In other words, Trump is not building America up to whatever state he’s convinced others he’s aiming at. Trump is not building America up at all. He’s breaking it down. He’s chipping with his racism, his arrogance, his dangerous lack of self-control at the very values we hold dearest. Clinton understood this in stating that “America never stopped being great” and that the task lays not in seeking some vague definition of greatness, but rather in making our nation “whole again.” But we did not listen to Clinton. We ignored her message of the importance of kindness, the importance of truth; it is for this error that we are in the position we are now, shaking frightened as though adults forced into a bomb shelter by their own inability for reconciliation, like children nursing wounds from dangers of which they had been warned.

Clinton was right. We need to make America whole again. We need to come together as a nation. Abraham Lincoln said that “A house divided against itself cannot stand,” and his words ring no less true today than they rang a hundred years ago. We cannot go on forever engaged in the bi-partisan war in which we are now engaged; we cannot progress as we currently exist, two respective kiddie soccer teams in red and blue, divided by a stretch of field, staring out at each other with a rage but failing to move, furious and immobile with an anger that would be more effective, less corrosive, were it channeled into action.

We need to talk about the issues that define us as a people. We need to lay out plans to combat these issues. We need to come together. Most of all, because it is the foundation from which we will do all else, we need to arm ourselves with facts.

Despite what Republicans will do or say to convince you otherwise, Trump’s squandering of truth is not a bi-partisan issue. As actress Ruth Negga stated in explaining her support of the ACLU (American Civil Liberties Union), “Human rights has very little to do with politics.” As the ACLU itself stated on their website, “Once the government has the power to violate one person’s rights, it can use that power against everyone.” In other words, the dangers presented by his attack on the press and the liberties it guards are a danger to both Democrats and Republicans.

Images which capture other countries’ suppressed freedoms–Mikhail Beketov’s face battered with bruises and skin hung like fractured glass, the empty and brightly-hued boxes of North Korea’s fake grocery stores, mailboxes opened to decapitated chicken heads in Belarus–appear outcomes from which our physical isolation and believed ideological upper-hand spare us, but so too did Brexit’s violently nationalist turn appear other-worldly before our own shift; so too did sweeping gashes in our national identity seem improbable before we came to sustain them.

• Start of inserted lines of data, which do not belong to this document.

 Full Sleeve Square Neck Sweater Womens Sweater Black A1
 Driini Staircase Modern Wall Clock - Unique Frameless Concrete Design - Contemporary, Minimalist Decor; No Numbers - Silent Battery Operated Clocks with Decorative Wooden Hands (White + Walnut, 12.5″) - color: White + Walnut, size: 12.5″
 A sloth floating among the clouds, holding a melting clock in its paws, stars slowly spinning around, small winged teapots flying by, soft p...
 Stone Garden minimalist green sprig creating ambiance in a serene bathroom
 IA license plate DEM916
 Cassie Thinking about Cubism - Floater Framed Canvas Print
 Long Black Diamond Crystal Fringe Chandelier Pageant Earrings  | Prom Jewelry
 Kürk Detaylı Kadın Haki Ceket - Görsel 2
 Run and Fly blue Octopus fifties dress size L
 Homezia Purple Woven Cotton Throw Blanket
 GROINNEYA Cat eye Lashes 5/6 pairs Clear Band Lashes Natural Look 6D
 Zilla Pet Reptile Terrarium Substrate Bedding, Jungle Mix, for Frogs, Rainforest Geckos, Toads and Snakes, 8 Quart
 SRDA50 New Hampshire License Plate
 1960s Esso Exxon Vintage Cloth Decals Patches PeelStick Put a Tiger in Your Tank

That the president of the United States, a job title which usually supposes that unofficial moniker “leader of the free world” referred to journalists as the people’s enemy is so preposterous that it would be easy to find it humorous–that is, if such treatment of a threat to American freedoms wasn’t, as it is, so incredibly dangerous. Trump’s comment as it stands is not a joke. Neither is it normal. It is an act of aggression against the very cornerstone of our national identity. It is this kind of speech itself, and not the journalists who highlight for the people its danger, which is the people’s enemy.

Far from enemies, journalists like Beketov are the watchdogs of corruption, the guards of truth, the persistent voices holding the powerful accountable for their freedom-squelching transgressions. And from where we now stand, sustaining bruises as Beketov does, they remain our friends, our peers, the citizens who, in our mission for a more whole and equal America, have revealed themselves as our last and loyal allies.